When you reach the line in the listing below that contains "Светильник точечный Светкомплект", begin returning lines exactly as written, and stop after the line that contains "C2561 - 2670". Return no other lines.

**Data shown**
[Start of Attachment]

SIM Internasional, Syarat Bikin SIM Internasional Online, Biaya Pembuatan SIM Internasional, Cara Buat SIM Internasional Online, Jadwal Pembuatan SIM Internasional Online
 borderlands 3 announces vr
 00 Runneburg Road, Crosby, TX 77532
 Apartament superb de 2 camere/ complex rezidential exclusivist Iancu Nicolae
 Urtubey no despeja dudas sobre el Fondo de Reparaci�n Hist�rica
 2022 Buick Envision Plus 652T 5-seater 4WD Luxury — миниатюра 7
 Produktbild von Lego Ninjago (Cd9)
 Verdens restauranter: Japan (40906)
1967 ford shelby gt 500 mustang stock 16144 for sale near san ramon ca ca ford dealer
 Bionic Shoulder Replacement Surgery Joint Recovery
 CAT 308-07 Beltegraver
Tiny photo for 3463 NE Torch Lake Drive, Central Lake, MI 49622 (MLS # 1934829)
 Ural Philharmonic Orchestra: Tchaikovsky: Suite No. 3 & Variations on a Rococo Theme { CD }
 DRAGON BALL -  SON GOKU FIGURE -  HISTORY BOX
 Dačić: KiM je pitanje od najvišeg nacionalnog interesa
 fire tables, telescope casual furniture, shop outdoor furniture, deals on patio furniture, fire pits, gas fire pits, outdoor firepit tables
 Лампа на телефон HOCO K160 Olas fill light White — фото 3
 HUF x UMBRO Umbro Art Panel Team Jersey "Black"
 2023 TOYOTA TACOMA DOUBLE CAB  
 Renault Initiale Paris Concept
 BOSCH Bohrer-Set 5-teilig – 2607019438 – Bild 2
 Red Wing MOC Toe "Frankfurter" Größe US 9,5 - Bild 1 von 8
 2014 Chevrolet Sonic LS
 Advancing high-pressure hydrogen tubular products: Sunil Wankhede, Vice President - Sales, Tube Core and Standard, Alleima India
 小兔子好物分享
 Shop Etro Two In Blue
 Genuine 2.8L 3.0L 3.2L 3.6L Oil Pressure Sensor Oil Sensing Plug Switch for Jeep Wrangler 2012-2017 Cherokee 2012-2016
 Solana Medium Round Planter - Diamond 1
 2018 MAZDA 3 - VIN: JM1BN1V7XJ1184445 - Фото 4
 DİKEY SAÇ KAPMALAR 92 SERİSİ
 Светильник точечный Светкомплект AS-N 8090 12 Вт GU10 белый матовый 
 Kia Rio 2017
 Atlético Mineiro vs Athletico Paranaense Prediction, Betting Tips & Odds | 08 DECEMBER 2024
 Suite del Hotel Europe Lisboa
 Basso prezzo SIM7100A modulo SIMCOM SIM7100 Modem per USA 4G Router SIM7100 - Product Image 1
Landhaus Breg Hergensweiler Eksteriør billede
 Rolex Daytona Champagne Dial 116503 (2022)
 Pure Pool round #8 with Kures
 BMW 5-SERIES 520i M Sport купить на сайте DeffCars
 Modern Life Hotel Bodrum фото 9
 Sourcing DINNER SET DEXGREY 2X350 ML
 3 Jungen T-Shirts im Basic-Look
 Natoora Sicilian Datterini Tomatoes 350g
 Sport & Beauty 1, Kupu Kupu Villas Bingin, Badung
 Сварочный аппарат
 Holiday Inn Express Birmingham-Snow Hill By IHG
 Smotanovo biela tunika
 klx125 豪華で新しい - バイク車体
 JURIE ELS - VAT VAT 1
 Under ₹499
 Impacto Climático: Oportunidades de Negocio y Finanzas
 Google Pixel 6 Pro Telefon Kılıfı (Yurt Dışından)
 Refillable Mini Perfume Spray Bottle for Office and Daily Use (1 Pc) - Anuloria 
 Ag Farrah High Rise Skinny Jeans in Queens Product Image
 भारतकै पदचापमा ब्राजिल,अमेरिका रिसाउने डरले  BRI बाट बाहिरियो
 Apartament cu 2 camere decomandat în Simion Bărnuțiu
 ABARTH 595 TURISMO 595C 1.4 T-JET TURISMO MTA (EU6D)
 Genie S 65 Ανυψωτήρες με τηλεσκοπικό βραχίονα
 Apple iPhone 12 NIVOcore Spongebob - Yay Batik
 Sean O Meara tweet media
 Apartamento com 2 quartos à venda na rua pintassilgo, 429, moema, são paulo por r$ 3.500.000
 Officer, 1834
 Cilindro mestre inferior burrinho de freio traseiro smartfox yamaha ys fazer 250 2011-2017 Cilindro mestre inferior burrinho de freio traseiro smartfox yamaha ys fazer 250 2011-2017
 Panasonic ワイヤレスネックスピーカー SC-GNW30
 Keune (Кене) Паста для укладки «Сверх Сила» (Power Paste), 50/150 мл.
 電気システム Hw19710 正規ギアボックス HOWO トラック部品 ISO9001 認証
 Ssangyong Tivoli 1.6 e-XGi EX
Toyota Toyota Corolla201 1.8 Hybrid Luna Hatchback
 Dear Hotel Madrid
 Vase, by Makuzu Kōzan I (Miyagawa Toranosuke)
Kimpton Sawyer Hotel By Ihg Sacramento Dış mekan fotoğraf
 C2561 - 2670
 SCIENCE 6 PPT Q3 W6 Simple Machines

[End of Attachment]

**Answer below**
 Светильник точечный Светкомплект AS-N 8090 12 Вт GU10 белый матовый 
 Kia Rio 2017
 Atlético Mineiro vs Athletico Paranaense Prediction, Betting Tips & Odds | 08 DECEMBER 2024
 Suite del Hotel Europe Lisboa
 Basso prezzo SIM7100A modulo SIMCOM SIM7100 Modem per USA 4G Router SIM7100 - Product Image 1
Landhaus Breg Hergensweiler Eksteriør billede
 Rolex Daytona Champagne Dial 116503 (2022)
 Pure Pool round #8 with Kures
 BMW 5-SERIES 520i M Sport купить на сайте DeffCars
 Modern Life Hotel Bodrum фото 9
 Sourcing DINNER SET DEXGREY 2X350 ML
 3 Jungen T-Shirts im Basic-Look
 Natoora Sicilian Datterini Tomatoes 350g
 Sport & Beauty 1, Kupu Kupu Villas Bingin, Badung
 Сварочный аппарат
 Holiday Inn Express Birmingham-Snow Hill By IHG
 Smotanovo biela tunika
 klx125 豪華で新しい - バイク車体
 JURIE ELS - VAT VAT 1
 Under ₹499
 Impacto Climático: Oportunidades de Negocio y Finanzas
 Google Pixel 6 Pro Telefon Kılıfı (Yurt Dışından)
 Refillable Mini Perfume Spray Bottle for Office and Daily Use (1 Pc) - Anuloria 
 Ag Farrah High Rise Skinny Jeans in Queens Product Image
 भारतकै पदचापमा ब्राजिल,अमेरिका रिसाउने डरले  BRI बाट बाहिरियो
 Apartament cu 2 camere decomandat în Simion Bărnuțiu
 ABARTH 595 TURISMO 595C 1.4 T-JET TURISMO MTA (EU6D)
 Genie S 65 Ανυψωτήρες με τηλεσκοπικό βραχίονα
 Apple iPhone 12 NIVOcore Spongebob - Yay Batik
 Sean O Meara tweet media
 Apartamento com 2 quartos à venda na rua pintassilgo, 429, moema, são paulo por r$ 3.500.000
 Officer, 1834
 Cilindro mestre inferior burrinho de freio traseiro smartfox yamaha ys fazer 250 2011-2017 Cilindro mestre inferior burrinho de freio traseiro smartfox yamaha ys fazer 250 2011-2017
 Panasonic ワイヤレスネックスピーカー SC-GNW30
 Keune (Кене) Паста для укладки «Сверх Сила» (Power Paste), 50/150 мл.
 電気システム Hw19710 正規ギアボックス HOWO トラック部品 ISO9001 認証
 Ssangyong Tivoli 1.6 e-XGi EX
Toyota Toyota Corolla201 1.8 Hybrid Luna Hatchback
 Dear Hotel Madrid
 Vase, by Makuzu Kōzan I (Miyagawa Toranosuke)
Kimpton Sawyer Hotel By Ihg Sacramento Dış mekan fotoğraf
 C2561 - 2670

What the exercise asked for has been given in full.